You probably already know that fluoride prevents tooth decay. Yet a number of alarming messages are circulating about the negative impact of the substance on children’s health. What’s really true, and what should we make of the fluoride issue? In a new project, researchers intend to find out.

We get fluoride in our bodies through naturally contaminated drinking water, bottled water, food (like table salt, fish and tea) and various dental products. A limited amount of fluoride promotes dental health and protects against tooth decay. But high levels can have harmful effects on teeth and bones.

“In areas with naturally high levels of fluoride in the drinking water, like in some parts of China, you can see that it creates yellow spots on teeth,” says Maria Kippler, researcher at the Institute of Environmental Medicine at Karolinska Institutet.

In other countries, for example in the United States, fluoride is added to drinking water to promote dental health. The World Health Organization’s – and Sweden’s – guideline value for fluoride in drinking water is 1.5 mg per litre.

Many people have municipal drinking water in Sweden, so there is good control over the fluoride content. Almost all municipalities fall below the WHO guidance values.

Is fluoride harmful?

Control is worse in private water wells, and Kippler suspects that they might contain higher levels of fluoride.

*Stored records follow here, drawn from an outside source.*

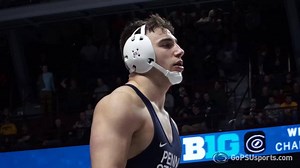 30K views · 1.1K reactions | Check out the highlights from Anthony Cassar's first Big Ten title! #PSUwr | Penn State Nittany Lion Wrestling | Facebook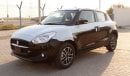 سوزوكي سويفت SUZUKI SWIFT 1.2L GLX (Export Only)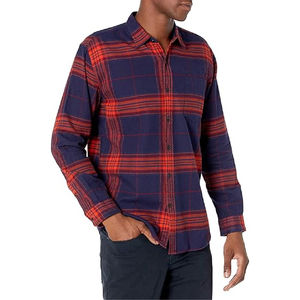 <b>Flannel</b> <b>Shirt</b> <b>For</b> <b>Men</b> Slim Regular Fit Breathable Horn Button Work <b>Shirt</b> 2026 Stock High Quality Wholesale <b>Flannel</b> <b>Shirt</b> - Product Image 5
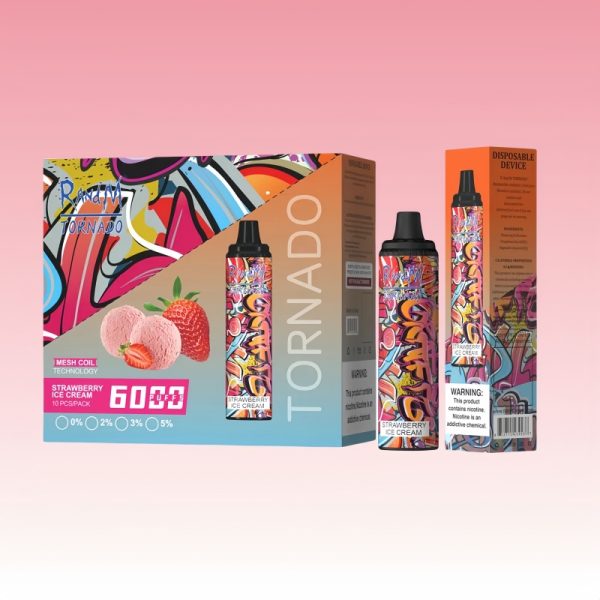 Randm Tornado 6000 Szippantás | E cigi bolt Randm Tornado 6000 Szippantás | E cigi bolt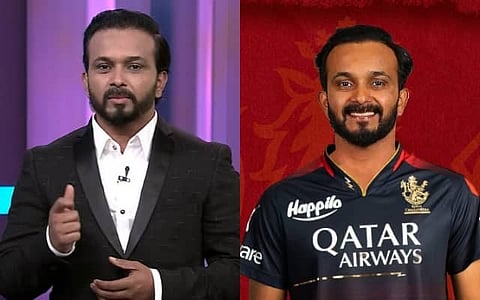 Kedar Jadhav in IPL : केदार जाधवचे आयपीएलमध्ये कमबॅक! कॉमेंट्री बॉक्समधून थेट मैदानावर उडी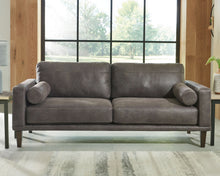 Load image into Gallery viewer, Arroyo 2 Pc. Sofa, Loveseat - Dark Gray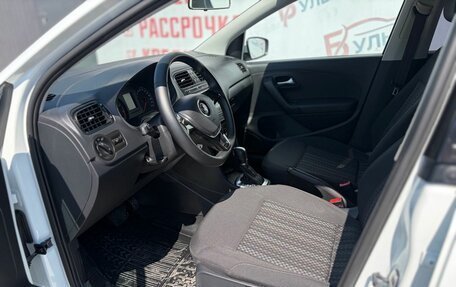 Volkswagen Polo VI (EU Market), 2017 год, 997 000 рублей, 11 фотография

Maria Kippler, researcher at Karolinska Institutet. Photo: Anna Persson

“It’s voluntary to submit water from your own well for analysis. Testing your water is expensive and many results are not reported.”

But what’s the real low-down on fluoride? A quick internet search sheds light on the debate. There is an unmistakable suspicion of its harmful impact on our health – especially our children’s health. What evidence is available that fluoride is harmful?

“The scientific evidence is still very uncertain. But despite this, information has spread through social media and caused great concern especially among parents.”

Creating concern among parents

It is difficult to determine whether the concern is unwarranted, but new research suggests that exposure to fluoride early in life can negatively affect the nervous system. Some of the effects mentioned include lowered intelligence and altered behaviour.

“Right now, there are no Swedish studies that have measured exposure to fluoride either in children or in their parents. Therefore, there is a great need for more research on exposure and the possible negative side effects of fluoride,” Kippler says.

Yet tooth decay is increasing in young children, so anxious parents face a dilemma. Kippler and her colleagues want to remedy this in a new project. Their overall aim is to clarify whether, and in such cases how, exposure to fluoride early in life affects children’s development and health.

Weighing risk against benefit

The researchers initiated a study involving roughly 650 mothers and their children. The study measures the amount of fluoride in the urine of pregnant women and their children at four months and four years of age

The children will also be followed up to the age of four in order to measure a variety of parameters: cognitive ability, behaviour, immune system development, allergies and growth.

“We’ve collected samples from the mothers, and we can already see that only a few have a higher concentration than the threshold. Our next step is to find out where these elevated values come from. Is there anything in the drinking water, anything else they’re drinking or eating? We know, for instance, that many pregnant women drink a lot of mineral water, which can contain a relatively high amount of fluoride.”

The results can provide decision support for scientific advice and recommendations for public authorities like the Swedish National Food Agency, Swedish Medical Products Agency, National Board of Health and Welfare, and Swedish Environmental Protection Agency.

“It's about weighing risk against benefit. If fluoride is good for one particular health aspect but dangerous for another, then we’ve got to understand more,” Kippler says.